Nuestros gobernantes se muestran convencidos de que la vacuna contra la Covid-19 es la mejor arma para evitar que la enfermedad vuelva a poner patas arriba el sistema sanitario, al reducir de manera considerable el número de casos graves y de fallecimientos. Una gran mayoría de los ciudadanos españoles parece compartir esta aseveración, a la vista de la respuesta que entre nosotros han tenido las sucesivas campañas, y que nos convierte en los campeones vacunales de la Unión Europea.

Puede añadirse que muchos de esos ciudadanos, además de la convicción científica (puesto que es la ciencia, a través de sus portavoces más reconocidos, la que la sustenta con datos), abrigan al respecto un convencimiento de índole moral. Si bien la vacuna dista de ser perfecta (como lo demuestra el hecho de que no impida las infecciones) es la mejor protección con que contamos frente a una pandemia que se ha llevado ya a varios millones de personas. Vacunarse, además de mejorar las propias opciones de sobrevivir al virus, es una forma de poner cada uno su parte para reducir, si no la propagación, al menos el impacto de la enfermedad en los hospitales, con el perjuicio que supone al restarles recursos a quienes sufren de otras patologías.

Son sin duda estas convicciones, respaldadas por el sentir de la mayoría de los ciudadanos, las que empujan a cada vez más responsables públicos, dentro y fuera de nuestras fronteras, a proponer medidas para restringir los derechos de quienes no se han vacunado o incluso hacer la vacunación obligatoria. Pese a la frívola propensión a presuponer la perfidia o la estupidez del político que toma una decisión ingrata, aquel que lo hace suele preferir creer que le asiste para ello una razón consistente.
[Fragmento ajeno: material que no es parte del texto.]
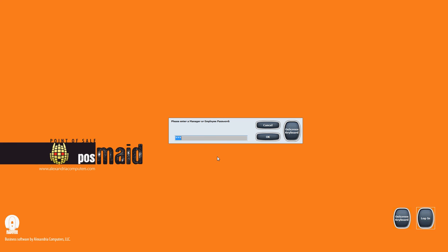It's basically asking for either a manager or employee password. A manager password will be the one that actually unlocks everything in the software. Of course, the manager has the right and privilege to do any operation in the software, whereas the employee password would be one that you'll set for all of your employees. You can also set certain privileges and restrictions as far as what your employees can and cannot do per employee.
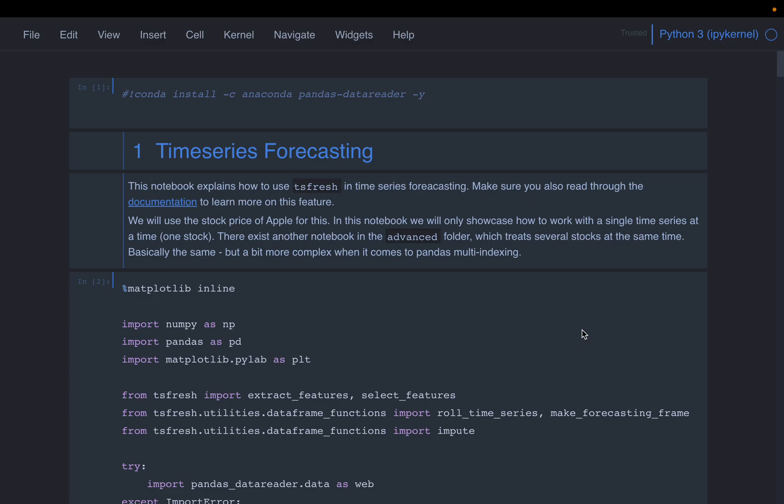In the previous two videos, we looked at automatic feature engineering from time series data for binary and multiclass classification problems. In this video, we will do the same automatic feature engineering for time series forecasting problems.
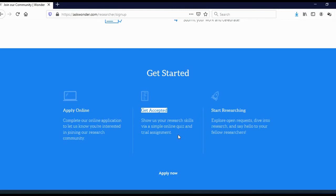And also, after that, they will give you a trial assignment. They will give you a task, a research test that you actually need to do. And if you pass all of this, you will be accepted.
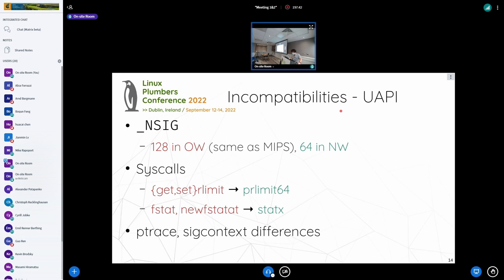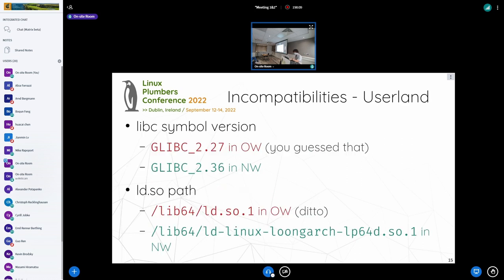Then there's the UAPI difference. The number of signals is doubled in the old world — the same as MIPS — while the new world is the same as everyone else. We have deprecated some of the older syscalls with modern variants, and we have slight differences for ptrace and ucontext. So glibc and the various low-level pieces need to be adapted as well, including different glibc symbol versions and the dynamic linker path.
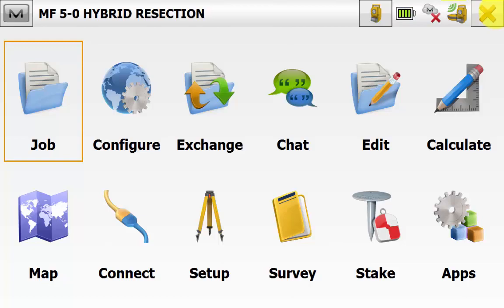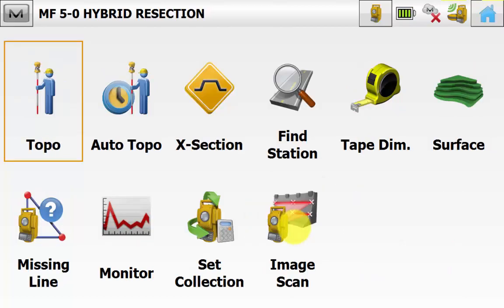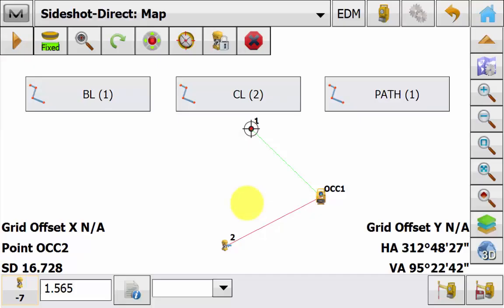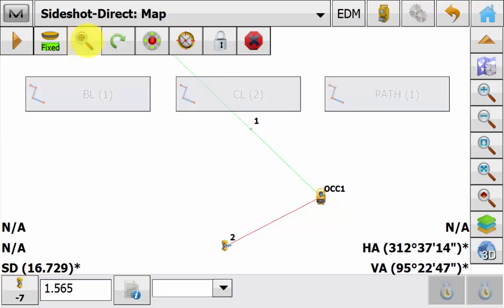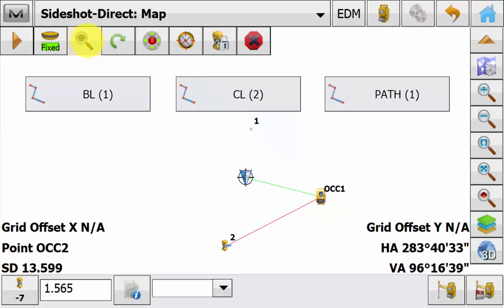We will go into Survey and then Topo. And again we are in the total station mode and we can see that the hybrid positioning button is still illuminated. And again as soon as we press this button the instrument will turn on the horizontal and then vertical and automatically lock back onto the prism within a matter of seconds so you can continue your topo survey.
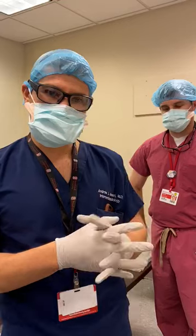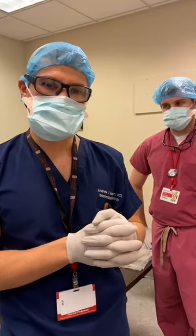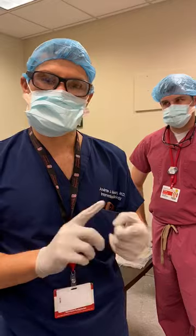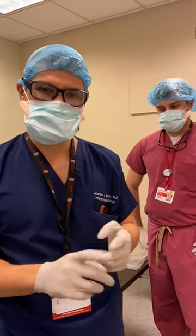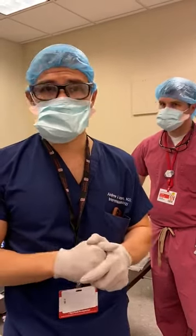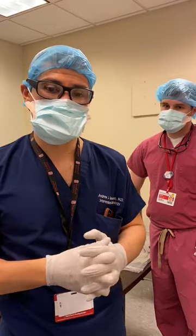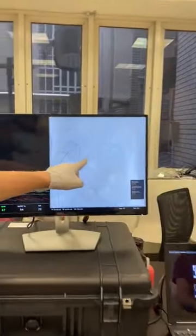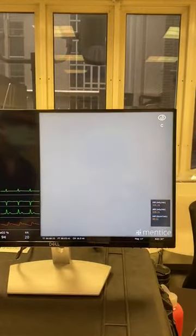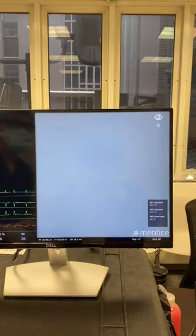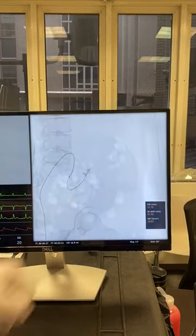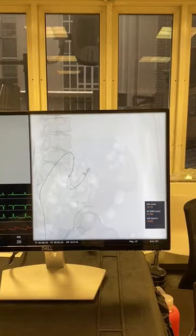For focal injury, or somewhere where you can deliver a coil more selectively, you're going to want to use one of two types of coils — either detachable or pushable. Here on the Mentis, we're going to demonstrate detachable coils, which are a little bit more precise. Dr. Smith has already demonstrated the active area of extravasation, and you can see the vessel that he's looking to coil across the area of extravasation.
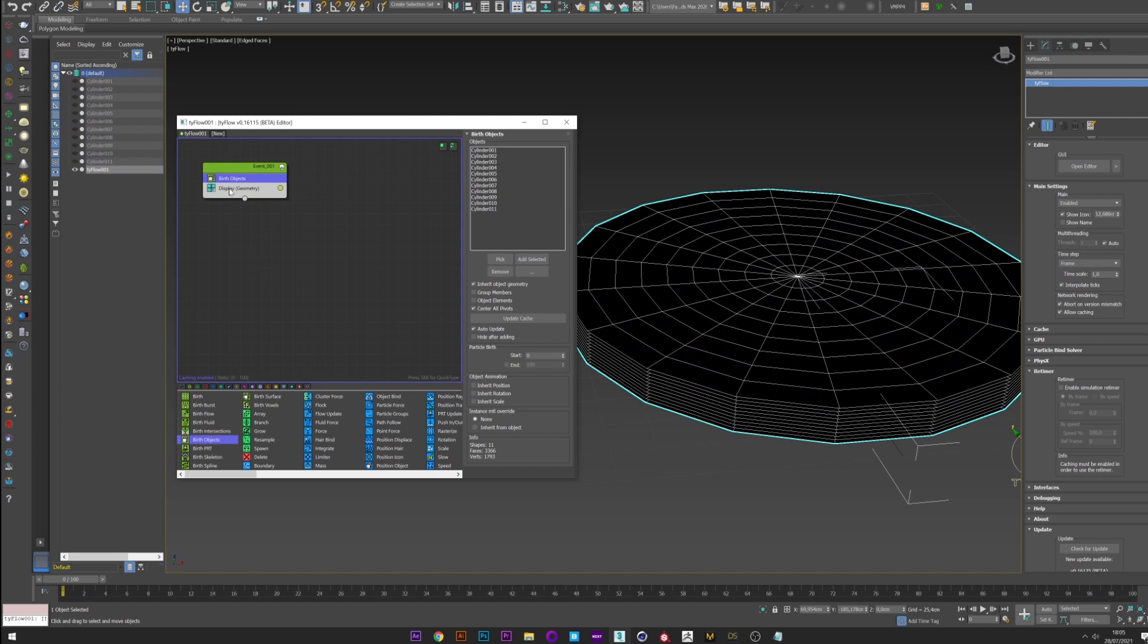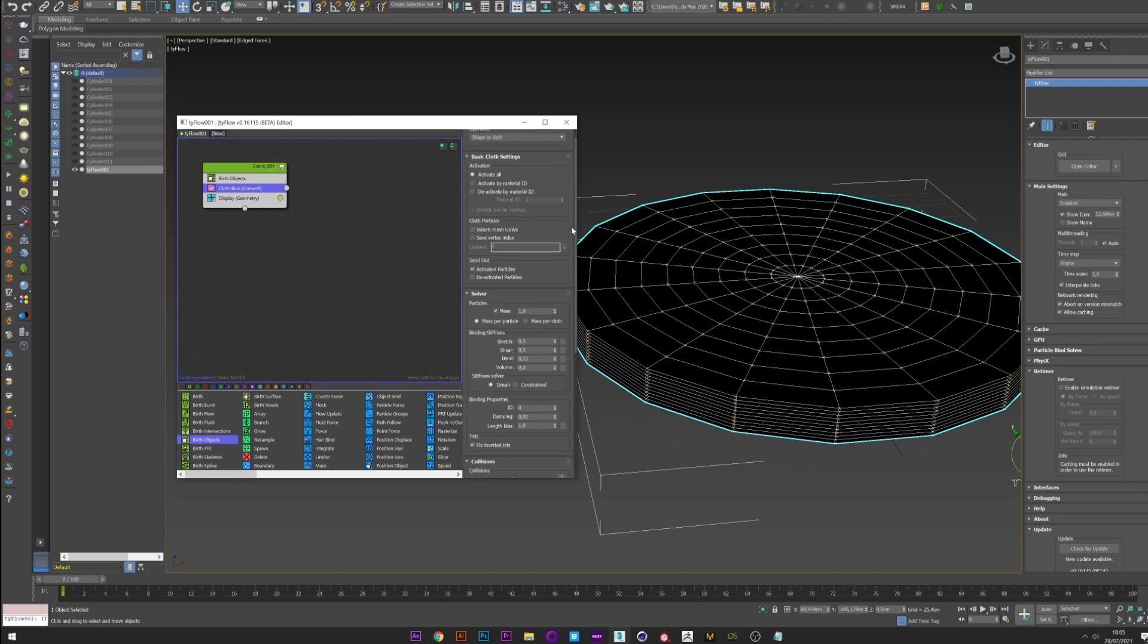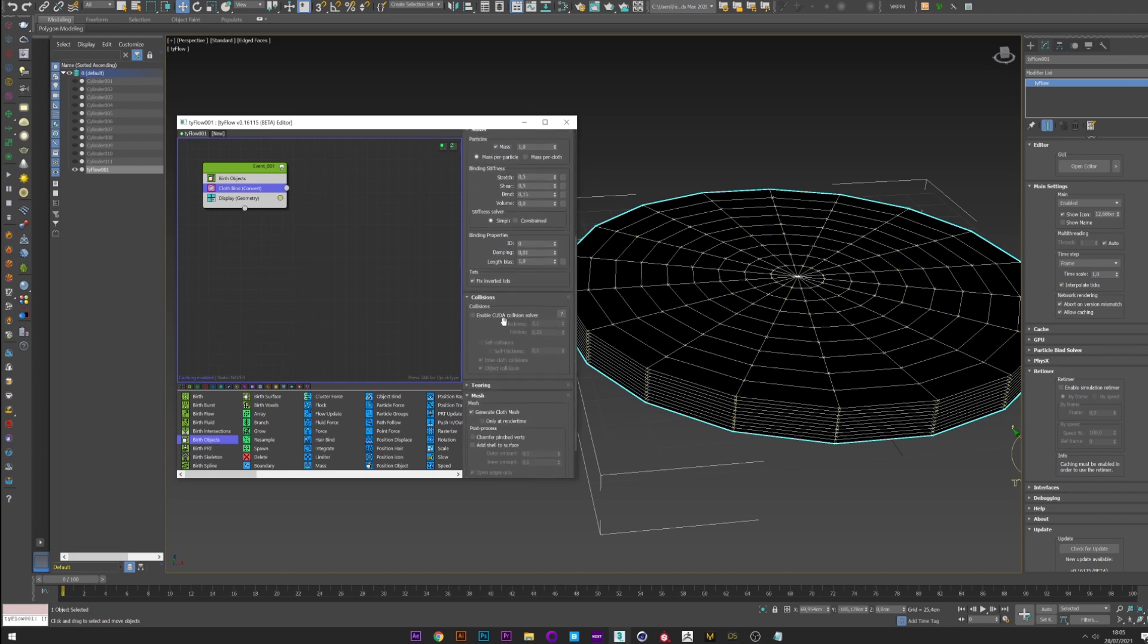I now convert them to Cloth with Cloth Bind. I go down, enable CUDA, Self Collision and Self Thickness. Okay.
Lo que se encuentran enfrente es un número no desdeñable de personas que se dicen convencidas, entre otras escalofriantes creencias, de que con las vacunas nos implantan un chip, nos inoculan un placebo inútil o una sustancia tóxica que en virtud del derecho fundamental a la propia dignidad y a la integridad física estamos autorizados a rechazar. O aún más: tenemos el deber de sustraernos a ella, si no queremos dejarnos arrastrar como borregos sometidos al dictado despótico del poder.

No son los apóstoles y los fieles de la convicción antivacunal personas proclives a expresarse con moderación. Cuando algún gobierno plantea condicionar a la obtención del certificado de vacunación la posibilidad de realizar determinadas actividades (y no digamos ya si propone el confinamiento de no vacunados o la obligatoriedad de la vacuna) reaccionan airados en defensa de su credo libertario, del que no transigen en apearse y por el que esperan que se les reconozca un valor cívico superior.

Y sin embargo, son ya unos cuantos los que han desertado de manera fulminante del movimiento. Basta, por ejemplo, con que la enfermedad a la que innecesariamente se expusieron los envíe a la UCI. O que el Gobierno del país al que quieren irse de viaje les exija el pasaporte Covid y se queden en tierra si no se vacunan. En este último supuesto, la convicción inquebrantable se evapora en el acto: ponen el brazo y encajan sin rechistar el picotazo al que era intolerable pensar siquiera en ofrecerse.

Da así la sensación de que la convicción no lo era tanto, sino más bien un ropaje para la conveniencia, la indolencia o la pereza, unidas quizá al cálculo de que, si la vacuna funciona, los que sí la aceptaron contribuyen a la inmunidad de grupo; y si no, o si tiene efectos adversos, mejor que los sufran otros. Con todo, habrá personas de veras convencidas, y forzarlas a hacer lo que no desean no es la opción más inteligente. Lo que no pueden es exigir que la comunidad no tome medidas para paliar el riesgo que representan. Y les gusten o no, tendrán que aceptarlas.